Work order:
Return the lines of the data below, from the one containing "Đầu Óc Đại Sư" through the very last, exactly and with both ends included; no pictures.
##### Materials provided #####
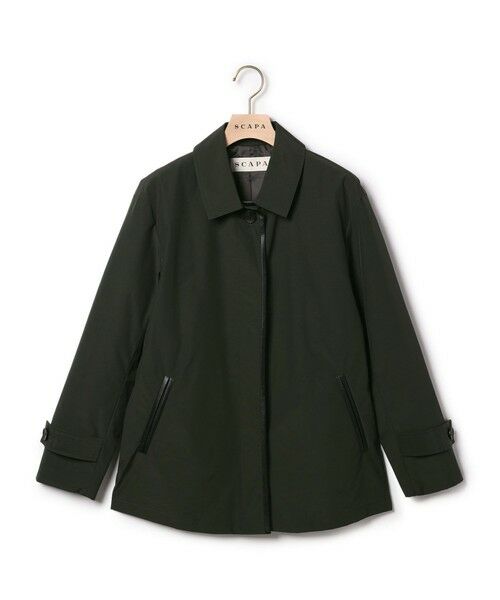 SCAPA Lサイズ / スキャパエルサイズ テーラードジャケット | エーデルジャケット(モスグリーン)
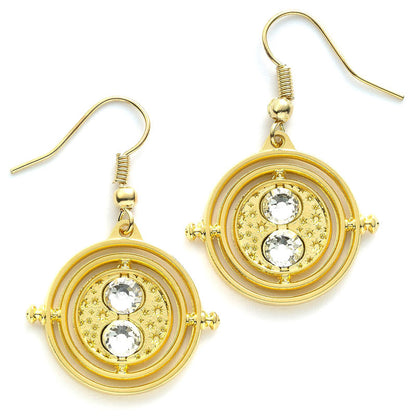 Pendientes Giratiempos Gold Harry Potter THE CARAT SHOP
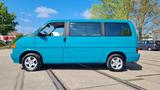 Volkswagen T4 MULTIVAN 2.5 KLIMA + BETT TISCH +7SITZE +2.HD - Volkswagen T4 Multivan mit Benzin-Antrieb: Automatik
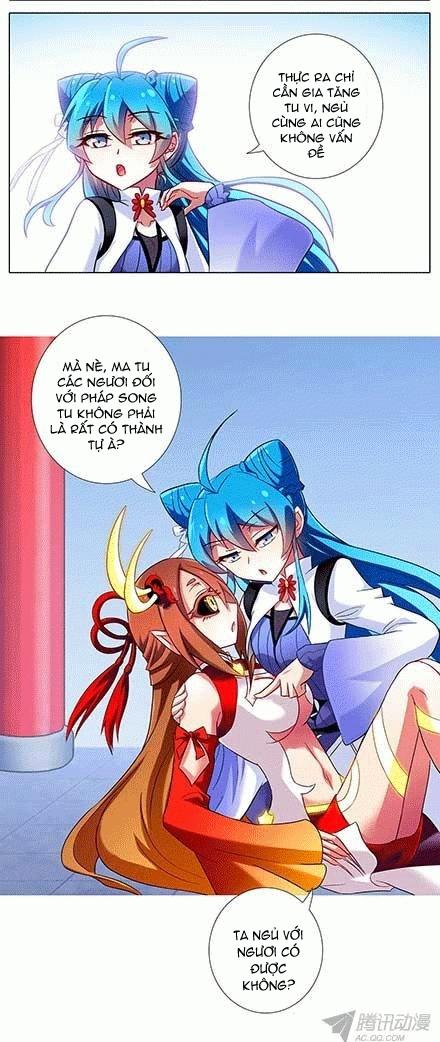 Đầu Óc Đại Sư Huynh Của Ta Rất Đen Tối - Chương 89 - Trang 5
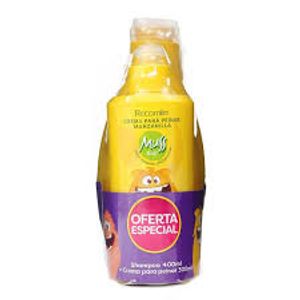 SHAMP MUSS KIDS MANZ 400ML+CREM PEI 300g
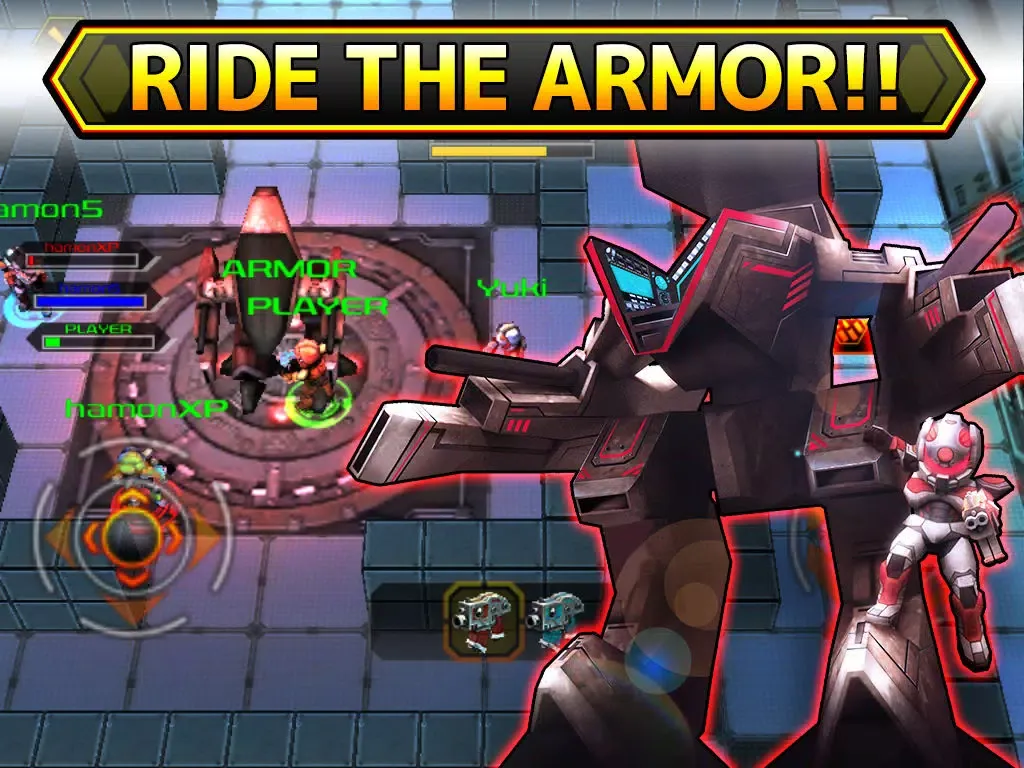 ภาพหน้าจอของ Armor Rising iPad 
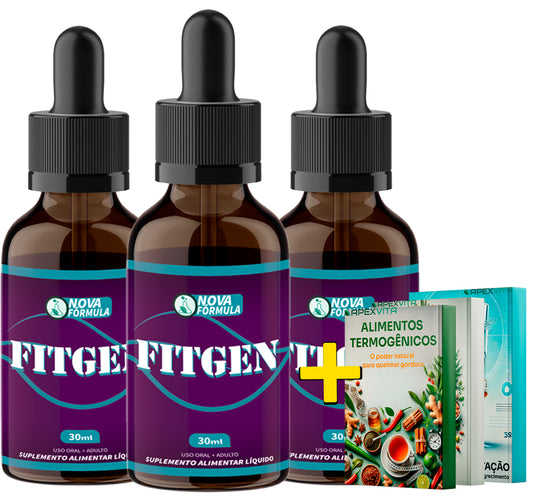 Fitgen - 3 frascos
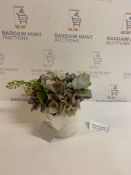 Artifcial Hydrangea Pot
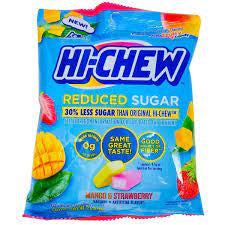 Hi- Chew Bags Assorted Bags Essentials Pixie Candy Shoppe Reduced Sugar Mango & Strawberry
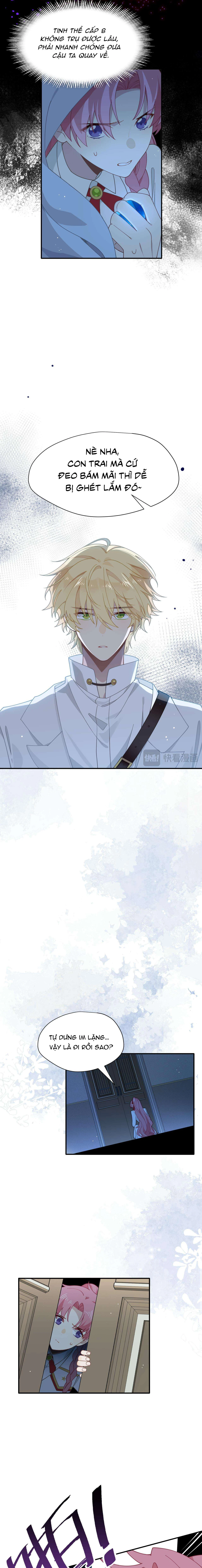 Xuyên thành phù thủy nuôi dưỡng kỵ sĩ thánh điện Chapter  65 - 4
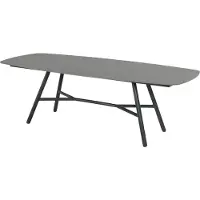 Hartman Benevento Garten Esstisch Aluminium/Keramik 240x110 cm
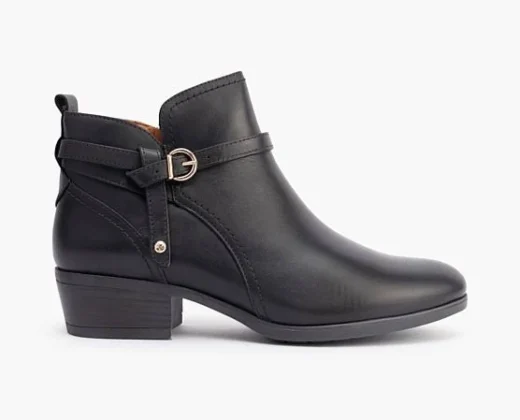 24% off | Womens Pikolinos Women’s Leather Ankle Bootie Zip Heel Boots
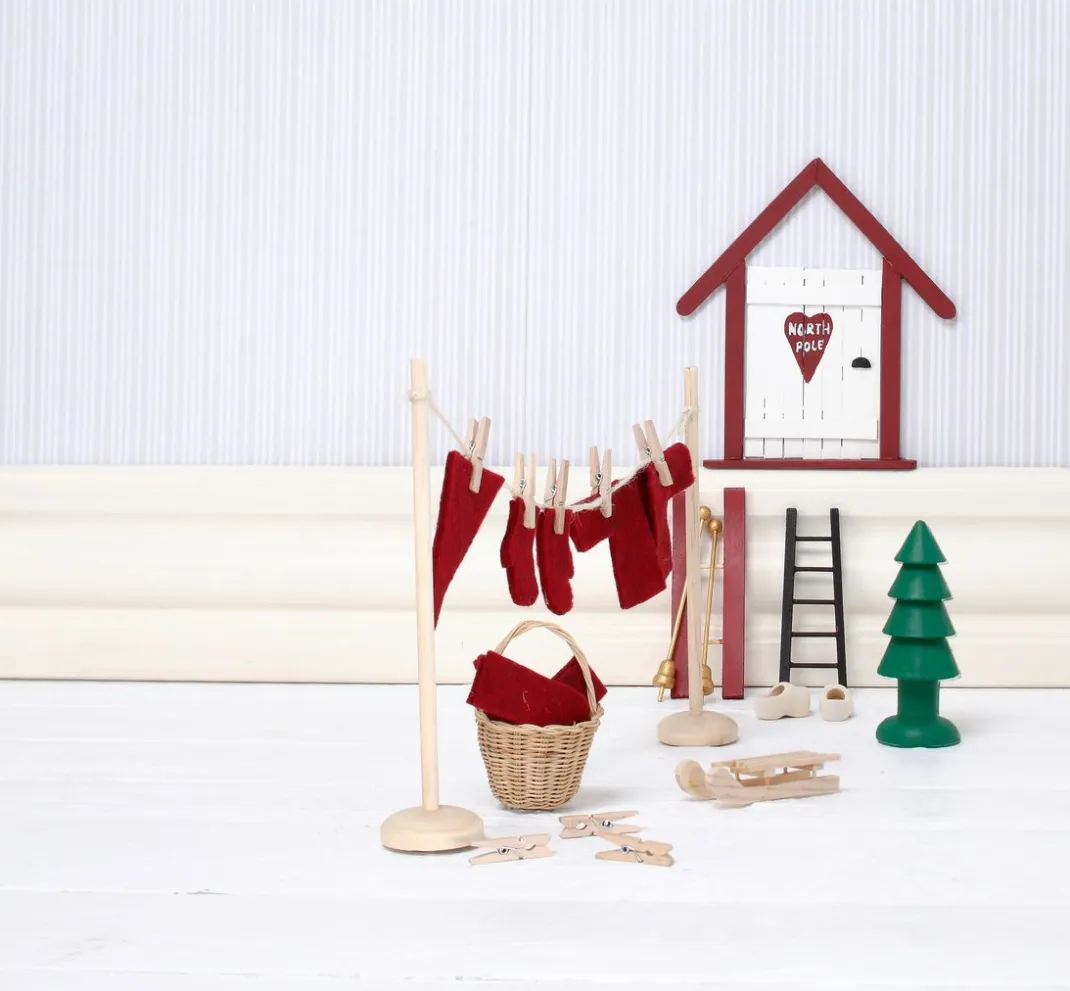 Kinder creativ company Weitere Geschenkideen Für Kinder|Miniaturen>Bastelset Wichteltür "Elf Door"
#####
Solution to this problem:
 Đầu Óc Đại Sư Huynh Của Ta Rất Đen Tối - Chương 89 - Trang 5
 SHAMP MUSS KIDS MANZ 400ML+CREM PEI 300g
 ภาพหน้าจอของ Armor Rising iPad 
 Fitgen - 3 frascos
 Artifcial Hydrangea Pot
 Hi- Chew Bags Assorted Bags Essentials Pixie Candy Shoppe Reduced Sugar Mango & Strawberry
 Xuyên thành phù thủy nuôi dưỡng kỵ sĩ thánh điện Chapter  65 - 4
 Hartman Benevento Garten Esstisch Aluminium/Keramik 240x110 cm
 24% off | Womens Pikolinos Women’s Leather Ankle Bootie Zip Heel Boots
 Kinder creativ company Weitere Geschenkideen Für Kinder|Miniaturen>Bastelset Wichteltür "Elf Door"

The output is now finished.